In the early 90s, a number of computer scientists (including several of the Globus Alliance leaders) found that they enjoyed helping scientists apply distributed computing to ambitious projects that pushed the limits of what could be done with conventional computing technology. Their motivations were a mixture of personal, professional, and financial. One important professional motivation was the recognition that the process of using technology to support applications in other fields almost always uncovers new and interesting requirements and challenges for the technology.

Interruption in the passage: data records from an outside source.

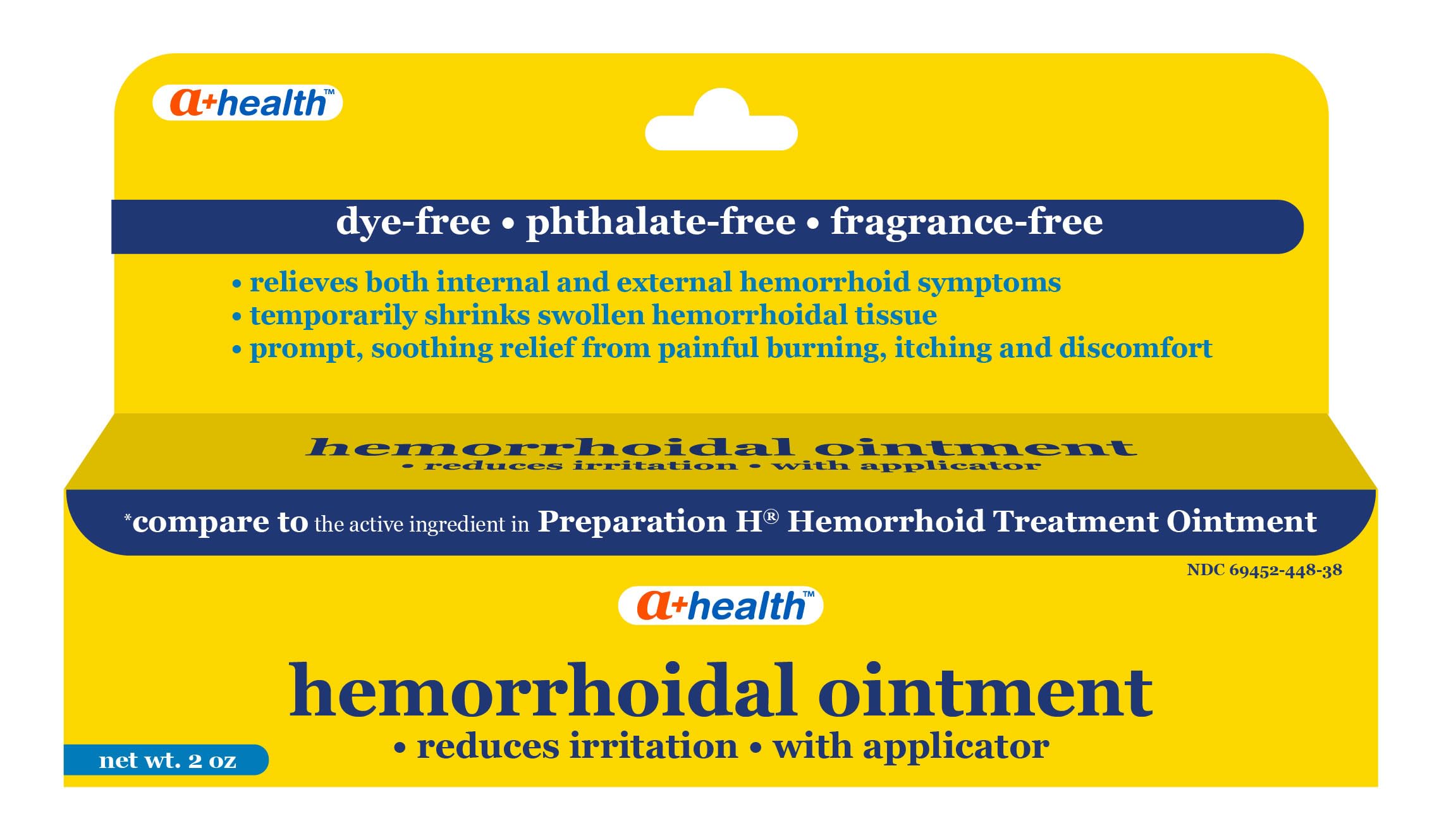 Hemorrhoid Treatment, Hemorrhoidal Ointment Relieves Symptoms of Burning, Itching, Discomfort, 2 Ounce Tube with Applicator, Reduces Irritation and Pain Relief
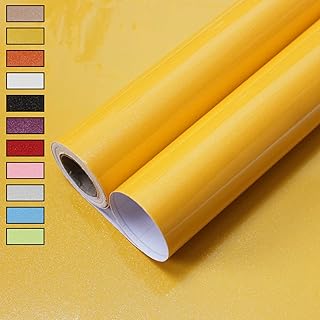 WADILE Peel and Stick Wallpaper, Shiny Contact Paper Solid Color Waterproof, Vinyl Colored Wall Paper Self Adhesive, Glossy Wallpaper Removable for Cabinets (Yellow, 15.7" X 78.7")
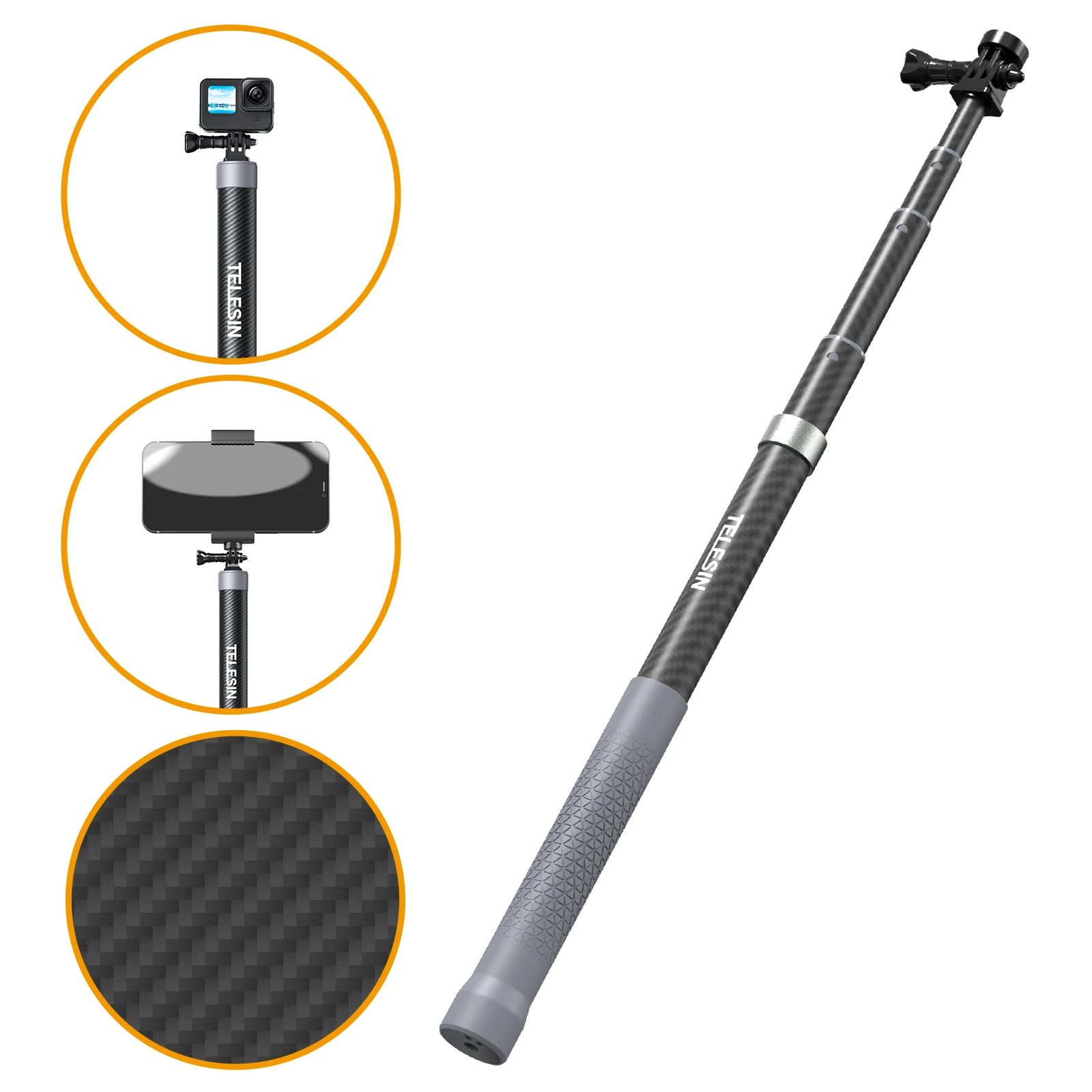 Telesin Carbon Fiber Selfie Stick for Gopro Insta360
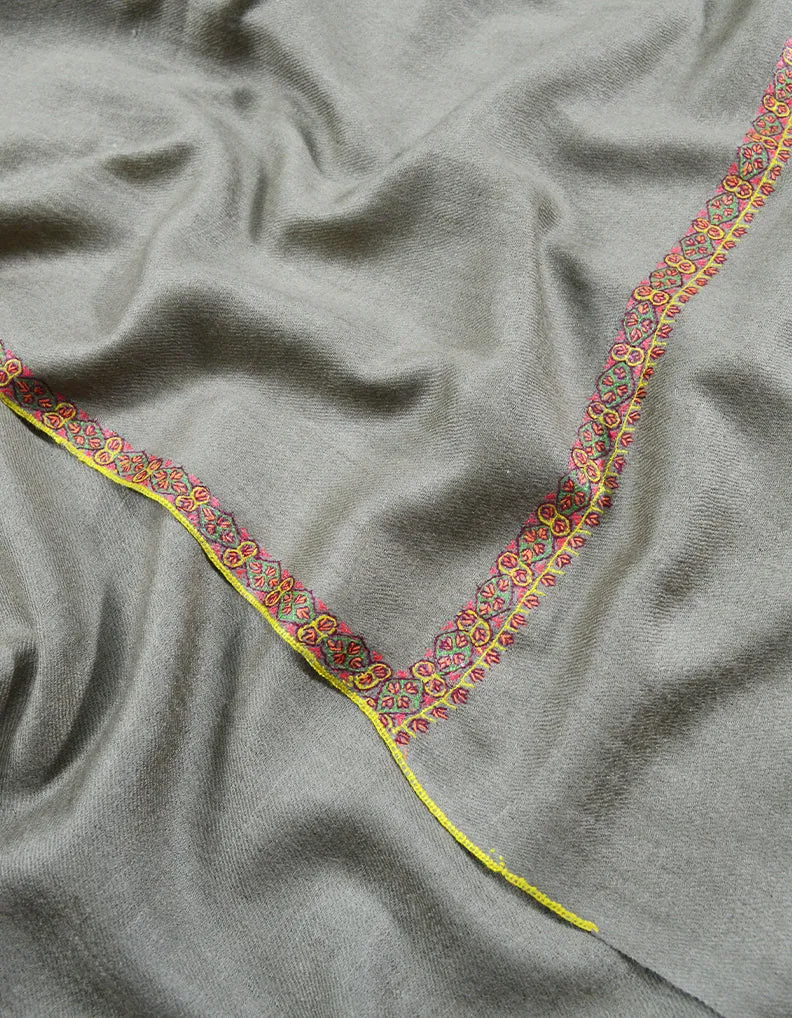 Grey Pashmina Stole In Sozni Work 7056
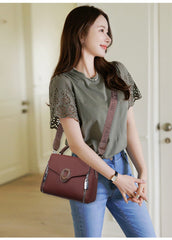 Stylish  Handbag with Top Handle & Shoulder Strap 555-12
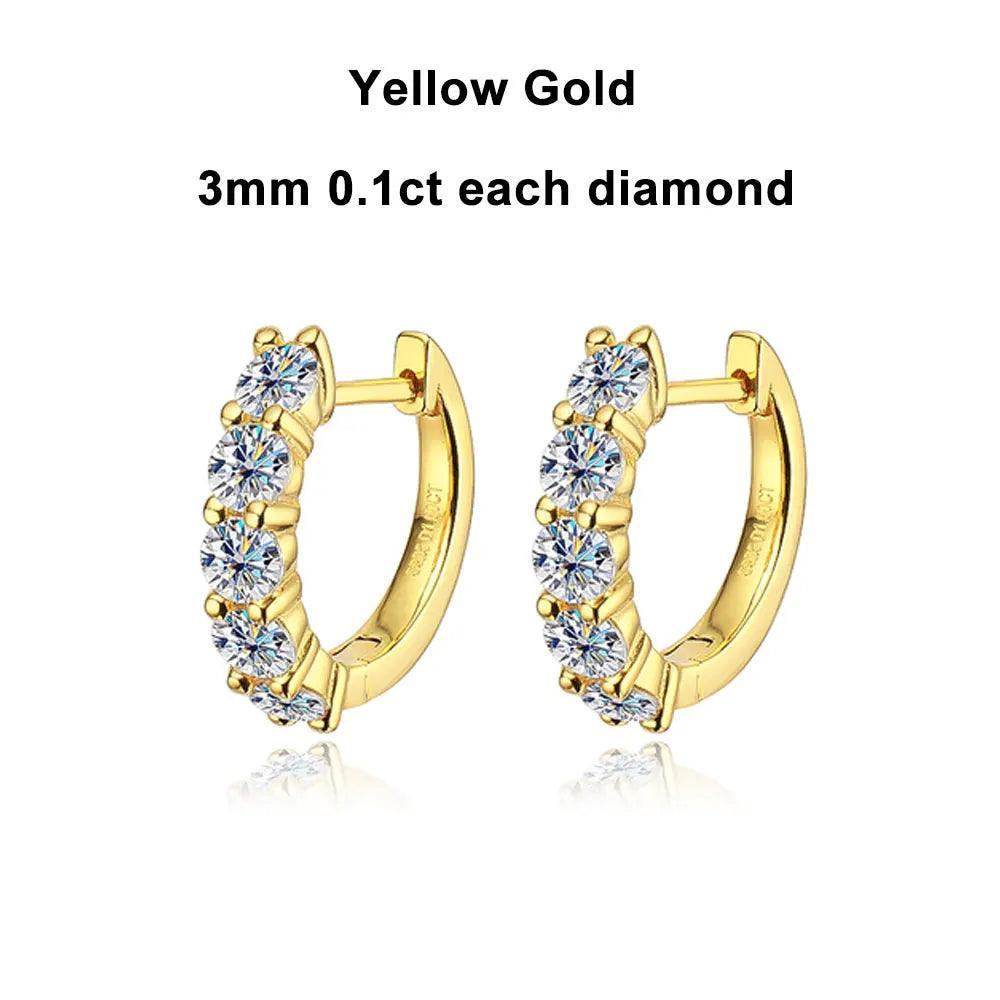 Moissanite Earrings D Color Loop 925 Sterling Sliver Plated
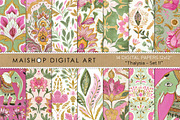 Vibrant Pink & Green Indian Patterns, a Pattern Graphic by Maishop (Thumbnail 1 of 3)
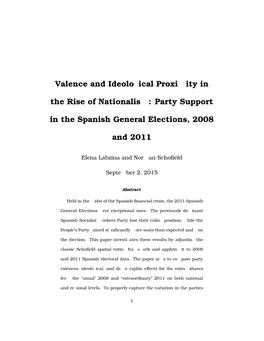 Valence and Ideological Proximity in the Rise of Nationalism: Party Support in the Spanish General Elections, 2008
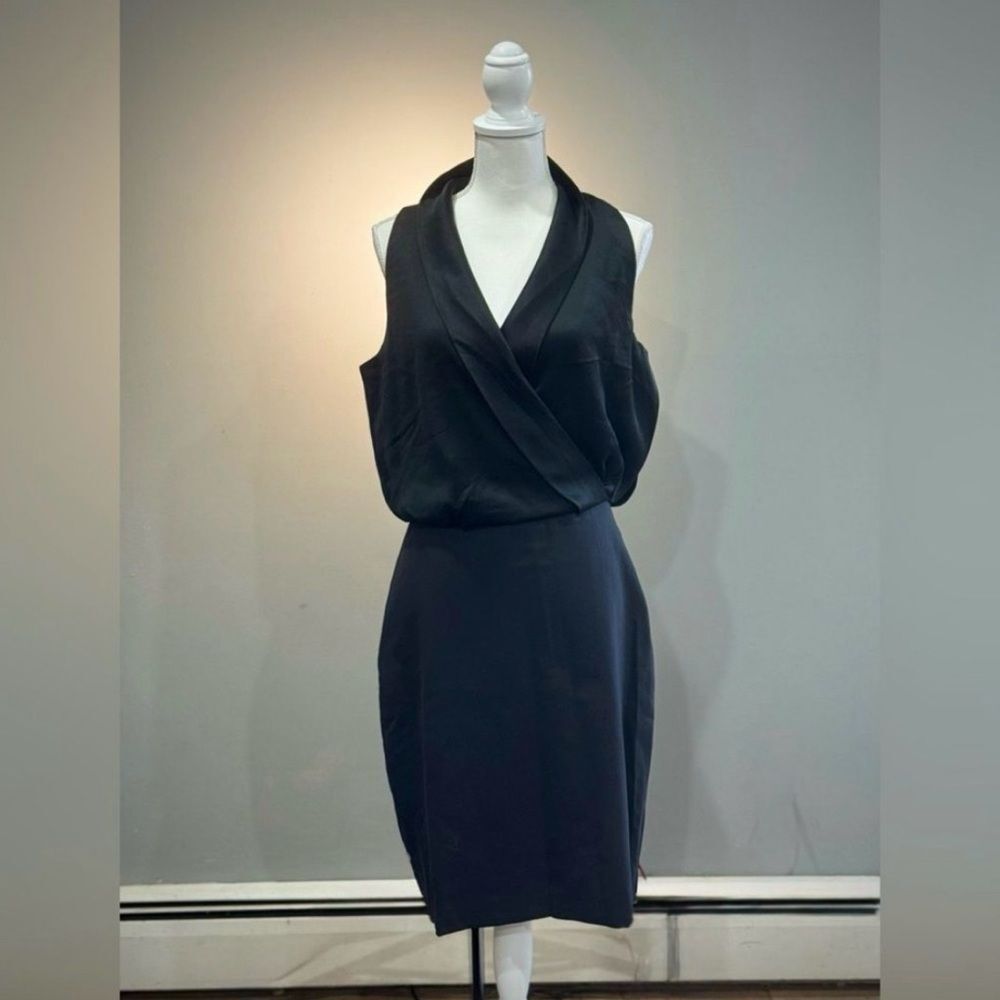 Black Banana Republic Wrap Top Midi Dress Size 10 EUC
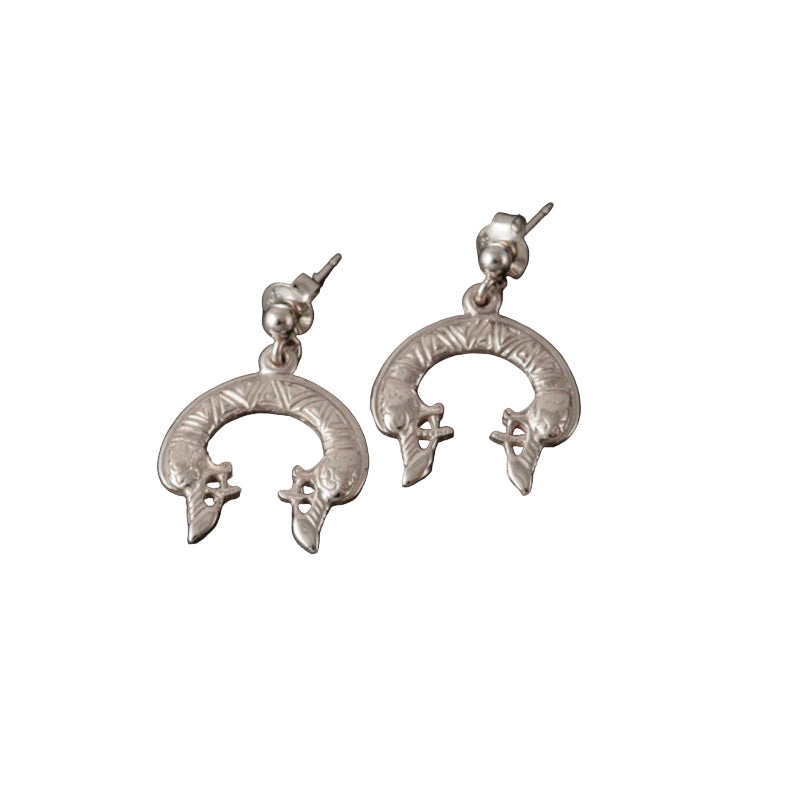 St Ninian's Isle Silver/9ct Yellow Gold Earrings with Garnets - E588 Shetland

The prospect of supporting scientific teams was sure to uncover a wide variety of issues that would never arise in the computer science "laboratory".

Three general classes of applications seemed most likely to benefit from the application of distributed computing technologies.

  • Computation intensive applications, including interactive simulation (climate modeling), very large-scale simulation and analysis (galaxy formation, gravity wave detection, battlefield simulation), and engineering (parameter studies, linked component models)
  • Data intensive applications, including experimental data analysis (high-energy physics) and image and sensor analysis (astronomy, climate study, ecology)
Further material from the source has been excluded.